Three carefree summer months have slipped by since my last post. The days were long, but the weeks short. I don’t know where the season went, but now everyone is back in the classroom, and I’m once again reminded that I’m no longer classified as a “student.”
Here’s what I mean by that: I don’t attend classes. I don’t get grades from professors. I don’t do homework. I don’t take exams or write term papers. I don’t do assigned readings.
Here’s what I don’t mean by that: I haven’t stopped learning. I haven’t stopped evaluating my own performance. I haven’t stopped setting goals and accomplishing them. I haven’t stopped challenging myself to try new things. I haven’t stopped reading articles and books.
Being a student was a wonderful thing, because it was a chance for everyone to remind us that we are still learning. But the fact that I no longer have the label doesn’t mean I’m not a student of life. As cliché and cheesy as that sounds, I mean it!
I loved being treated as someone whose mind was a sponge. As someone who was waiting for wisdom to be imparted. Now, I’m treated as a peer, as a colleague, as a friend, as a sister, as a daughter…but not as a student. So now, the burden is mine. It’s my responsibility to seek out teachers and mentors. To learn from others. To admit that there are things I don’t know. To work to change that.
So as the traditional students hit the books, I want to take a moment to remember the time I spent with students from around the world and reflect on what we learned together. Because whether or not the world sees me as a student, I will never stop learning.
At UNPAR’s International Student Conference, we learned as much from each other as we did from our professors.

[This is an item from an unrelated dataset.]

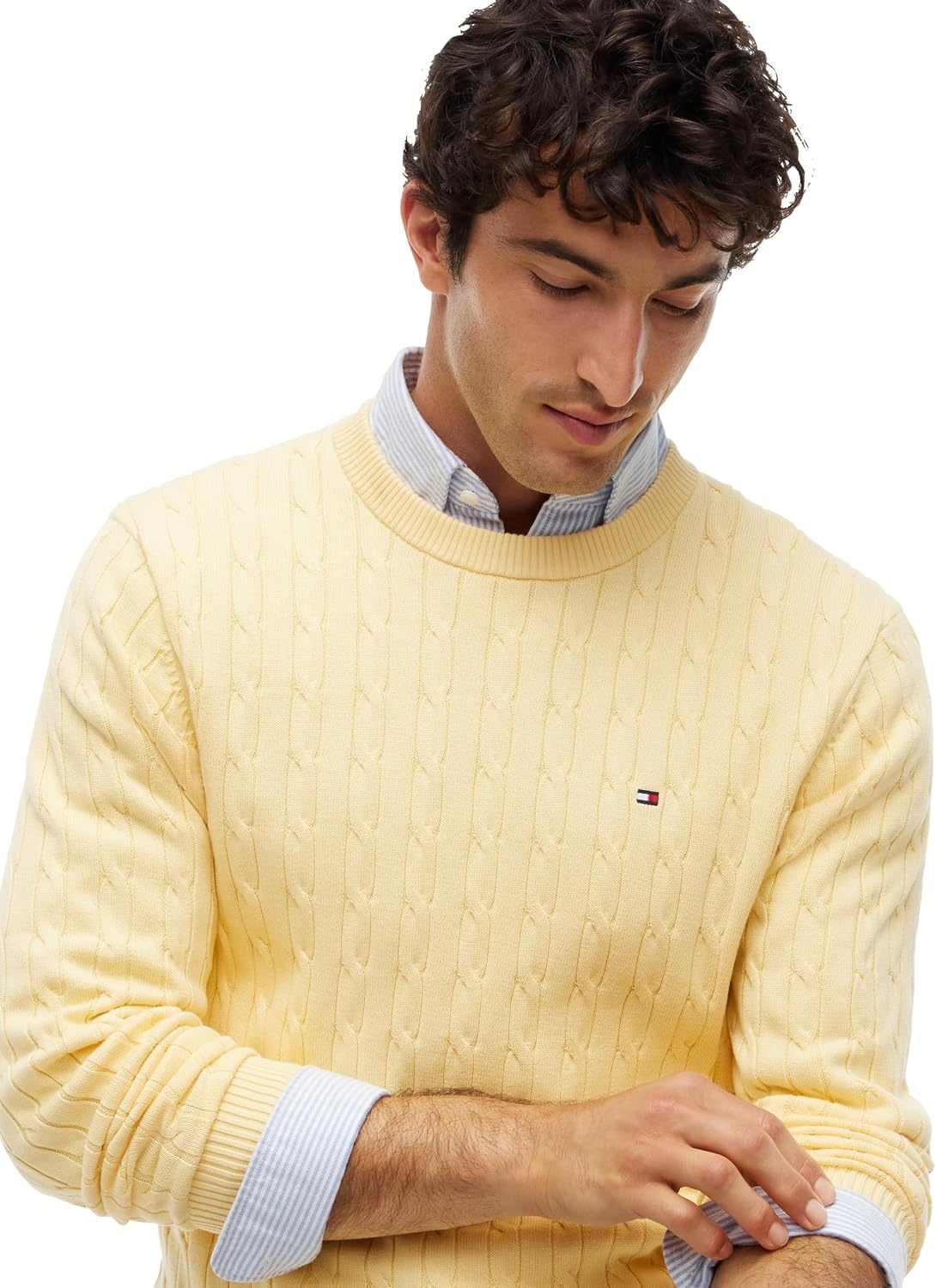 image:imageTommy Hilfiger Mens Cable Knit Crewneck Sweater Lightweight PulloverLight Daffodil
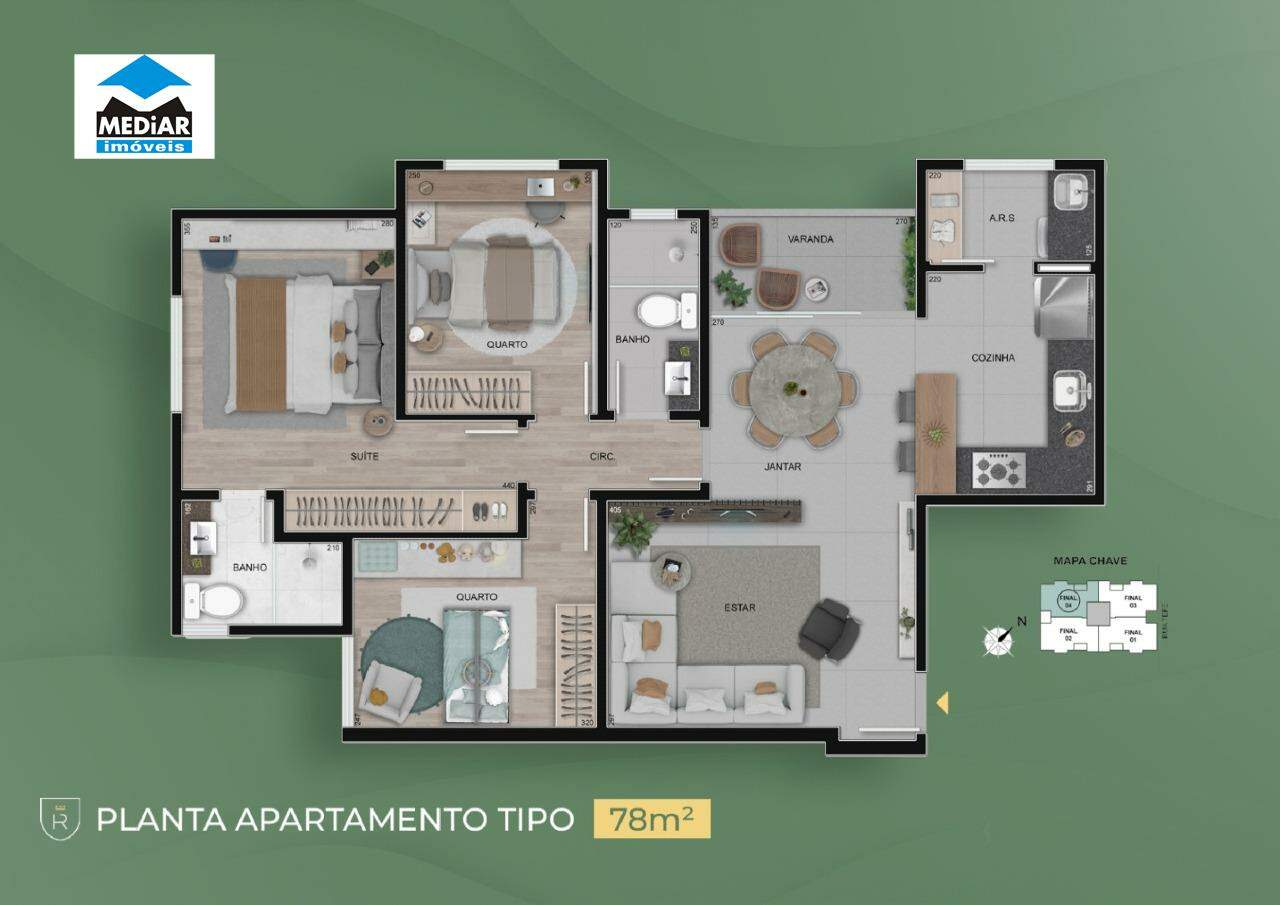 Apartamento à venda com 3 quartos, 78m² - Foto 1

The majority of the conference took place in a city called Bandung, but we also spent a significant amount of time in Yogyakarta, a city about 400 kilometers (250 miles) from Bandung. A flight between the two cities would take a little over an hour. But with 100 students, a charter bus was a more cost-effective option. So, we clambered aboard 4 buses and prepared for 12 hours of bumpy roads and erratic driving.
What might sound like torture actually turned out to be one of the best bonding experiences of the trip!
For the first few hours, spirits were high, and activities ranged from movies to karaoke. My entire bus was thrilled by the idea of watching Disney’s “Frozen.” It’s amazing how trends can transcend cultures with such force. During the film, Gail from the Philippines excitedly informed me that my voice sounded just like Anna’s. At first, I was flattered at the idea that someone was comparing me to Kristen Bell…but I quickly realized that my American accent was the only resemblance.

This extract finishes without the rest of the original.